KIP-841 improves the topic partitions’ availability during clean shutdown. It does this by enforcing the following invariants: 1) a fenced or in-controlled-shutdown replica is not eligible to be in the ISR; and 2) a fenced or in-controlled-shutdown replica is not eligible to become leader.

KIP-836: Expose replication information of the cluster metadata

KIP-836 exposes the DescribeQuorum API to the Admin client and adds two new fields per replica to the response. This information can be used to query the availability and lag of the cluster metadata for the controllers and brokers in a KRaft cluster.

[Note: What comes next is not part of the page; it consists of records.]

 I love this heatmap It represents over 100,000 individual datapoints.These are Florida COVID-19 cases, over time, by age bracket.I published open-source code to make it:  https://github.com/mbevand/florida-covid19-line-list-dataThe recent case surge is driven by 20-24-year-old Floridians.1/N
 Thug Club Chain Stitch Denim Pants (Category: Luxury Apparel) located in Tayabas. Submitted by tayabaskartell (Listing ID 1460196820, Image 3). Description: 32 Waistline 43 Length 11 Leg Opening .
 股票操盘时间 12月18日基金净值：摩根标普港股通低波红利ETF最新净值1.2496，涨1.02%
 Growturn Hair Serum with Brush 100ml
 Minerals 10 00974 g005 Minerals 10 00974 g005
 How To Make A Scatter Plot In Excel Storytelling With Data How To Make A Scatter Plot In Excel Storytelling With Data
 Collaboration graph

KIP-835: Monitor KRaft Controller Quorum health

With KRaft mode, Apache Kafka added a new controller quorum to the cluster. These controllers need to be able to commit records for Apache Kafka to be available. KIP-835 measures availability by periodically causing the high-watermark and the last committed offset to increase. Monitoring services can compare that these last committed offsets are advancing. They can also use these metrics to check that all of the brokers and controllers are relatively within each other’s offset.

KIP-859: Add metadata log processing error related metrics

With KRaft mode, the cluster metadata replicated log is the source of metadata related information for all servers in the cluster. Any errors that occur while processing this log could lead to the in-memory state for the server becoming inconsistent. It is important that such errors are made visible. KIP-859 exposes metrics that can be monitored so that affected servers can be discovered.

KIP-794: Strictly Uniform Sticky Partitioner

KIP-794 improves the default partitioner to distribute non-keyed data evenly in batches among healthy brokers and less data to unhealthy brokers. For example, the p99 latency for a producer workload with abnormal behavior was reduced from 11s to 154ms.

KIP-373: Allow users to create delegation tokens for other users

KIP-373 allows users to create delegation tokens for other users. This allows the following use cases: 1) a designated superuser can create tokens without requiring individual user credentials; and 2) a designated superuser can run kafka clients on behalf of another user.

KIP-831: Add metric for log recovery progress

Log recovery is a process triggered when a Kafka server starts up, if it had a previous unclean shutdown. It is used to make sure the log is in a good state and is not corrupted. KIP-831 exposes metrics to allow users to monitor the progress of log recovery.

KIP-709: Extend OffsetFetch RPC to accept multiple group ids

KIP-709 streamlines the process of fetching offsets from consumer groups so that a single request can be made to fetch offsets for multiple groups. This carries the following advantages: 1) it reduces request overhead; and 2) it simplifies client side code.

KIP-827: Expose log dirs total and usable space via Kafka API

KIP-827 exposes an RPC for querying the disk total size and disk usage size per log directory. This is useful for tools that are interested in querying this information without relying on the exposed metrics.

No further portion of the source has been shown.